Web page caption snippets

BEGIN

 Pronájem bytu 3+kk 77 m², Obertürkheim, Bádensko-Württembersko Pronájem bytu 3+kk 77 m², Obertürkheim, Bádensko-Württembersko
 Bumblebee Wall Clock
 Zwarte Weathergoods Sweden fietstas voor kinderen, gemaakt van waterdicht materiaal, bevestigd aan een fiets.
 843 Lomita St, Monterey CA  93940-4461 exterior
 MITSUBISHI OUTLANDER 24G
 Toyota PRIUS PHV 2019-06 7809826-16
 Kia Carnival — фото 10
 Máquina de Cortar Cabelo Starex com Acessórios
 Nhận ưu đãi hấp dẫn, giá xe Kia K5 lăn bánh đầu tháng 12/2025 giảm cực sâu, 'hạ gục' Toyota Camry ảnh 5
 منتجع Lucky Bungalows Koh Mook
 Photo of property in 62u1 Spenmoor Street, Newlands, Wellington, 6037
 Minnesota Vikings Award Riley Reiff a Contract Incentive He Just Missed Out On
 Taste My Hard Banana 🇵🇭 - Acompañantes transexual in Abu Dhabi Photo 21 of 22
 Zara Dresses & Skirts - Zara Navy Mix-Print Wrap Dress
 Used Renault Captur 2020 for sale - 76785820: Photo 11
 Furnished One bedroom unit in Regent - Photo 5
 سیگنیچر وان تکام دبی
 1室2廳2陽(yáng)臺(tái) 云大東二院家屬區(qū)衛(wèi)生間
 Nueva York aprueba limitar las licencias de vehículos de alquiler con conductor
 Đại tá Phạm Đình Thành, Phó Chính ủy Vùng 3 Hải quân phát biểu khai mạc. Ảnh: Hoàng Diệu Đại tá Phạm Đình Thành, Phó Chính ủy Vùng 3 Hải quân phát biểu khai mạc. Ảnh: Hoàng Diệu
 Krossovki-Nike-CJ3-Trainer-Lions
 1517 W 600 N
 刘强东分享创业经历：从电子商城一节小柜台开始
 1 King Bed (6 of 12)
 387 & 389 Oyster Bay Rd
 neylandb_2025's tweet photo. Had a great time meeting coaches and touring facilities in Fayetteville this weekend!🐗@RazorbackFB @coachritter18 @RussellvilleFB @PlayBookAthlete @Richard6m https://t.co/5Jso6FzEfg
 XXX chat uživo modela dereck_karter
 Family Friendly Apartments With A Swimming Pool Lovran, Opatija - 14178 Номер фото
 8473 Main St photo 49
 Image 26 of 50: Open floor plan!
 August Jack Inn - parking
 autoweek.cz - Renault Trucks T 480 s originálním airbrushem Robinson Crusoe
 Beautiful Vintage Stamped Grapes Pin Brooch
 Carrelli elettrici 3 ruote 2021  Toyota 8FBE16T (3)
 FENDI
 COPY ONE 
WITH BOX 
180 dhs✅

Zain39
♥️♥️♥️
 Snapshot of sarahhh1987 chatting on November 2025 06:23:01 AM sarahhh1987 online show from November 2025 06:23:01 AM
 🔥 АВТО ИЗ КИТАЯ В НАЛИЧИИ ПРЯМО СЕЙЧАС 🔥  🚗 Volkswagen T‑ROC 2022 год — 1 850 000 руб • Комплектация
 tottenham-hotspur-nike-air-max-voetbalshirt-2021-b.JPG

END

** WORK REQUIRED **
When the entries above show the word "фото" in a line, copy that line out.

** TASK RESPONSE **
 Kia Carnival — фото 10
 Family Friendly Apartments With A Swimming Pool Lovran, Opatija - 14178 Номер фото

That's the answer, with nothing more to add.